As an experienced programmer is redundant and painful to take programming courses, because they explain concepts I already know. Nevertheless I bought and took this course from Udemy and actually found it useful, it has some pretty powerful example projects.

I haven’t write system apps with pointers in over a decade, so this course was a nice welcome. Mastering Go Programming - Udemy

Code, code and code some more ✍🏾

Every hour or so of learning must be covered by some written code. Programming needs muscle memory, if you don’t write it you will forget it.

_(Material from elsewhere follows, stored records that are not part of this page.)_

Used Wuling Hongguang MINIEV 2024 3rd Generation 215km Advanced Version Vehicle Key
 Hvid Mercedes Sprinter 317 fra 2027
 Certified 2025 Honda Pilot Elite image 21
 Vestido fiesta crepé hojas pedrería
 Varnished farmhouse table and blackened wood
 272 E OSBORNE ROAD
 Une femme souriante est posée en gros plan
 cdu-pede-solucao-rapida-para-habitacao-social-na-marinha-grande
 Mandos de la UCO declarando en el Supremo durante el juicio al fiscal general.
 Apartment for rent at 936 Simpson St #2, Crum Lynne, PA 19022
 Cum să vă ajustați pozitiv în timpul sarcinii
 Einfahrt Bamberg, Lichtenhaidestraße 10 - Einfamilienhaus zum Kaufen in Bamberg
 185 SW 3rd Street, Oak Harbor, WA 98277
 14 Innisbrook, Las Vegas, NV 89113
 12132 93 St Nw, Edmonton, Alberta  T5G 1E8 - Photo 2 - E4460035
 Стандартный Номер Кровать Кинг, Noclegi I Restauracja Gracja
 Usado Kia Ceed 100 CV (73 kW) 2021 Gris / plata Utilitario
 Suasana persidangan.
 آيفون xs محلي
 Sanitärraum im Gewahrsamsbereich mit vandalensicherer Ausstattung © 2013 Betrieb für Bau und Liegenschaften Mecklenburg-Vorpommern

While learning I try to solve some real problems to, so I published some Go packages on GitHub: fast priority queues, concurrency patterns or porting bitcoin algorithms.

Communities 👩‍❤️‍👩

I like Slack so I joined the Golang nuts community. I ask questions when I get stuck and I learn from other #newbies issues.

golang-nuts

GopherAcademy - Conferences, Training, and Community

Other communities can be found at https://golang.org/help/

IDE ⌨

VSCode was great for me at the begining, now I use Goland, but no matter the IDE you choose I suggest activating the following features:

  • run unit test as a file watcher (at save file)
  • run fmt (format code) at save file
  • auto manage the import statements

Suggestion 💡

Now is a good chance to start writing unit tests (if you haven’t already) for your code and benchmarks. Go has builtin capabilities and recommends doing this tasks.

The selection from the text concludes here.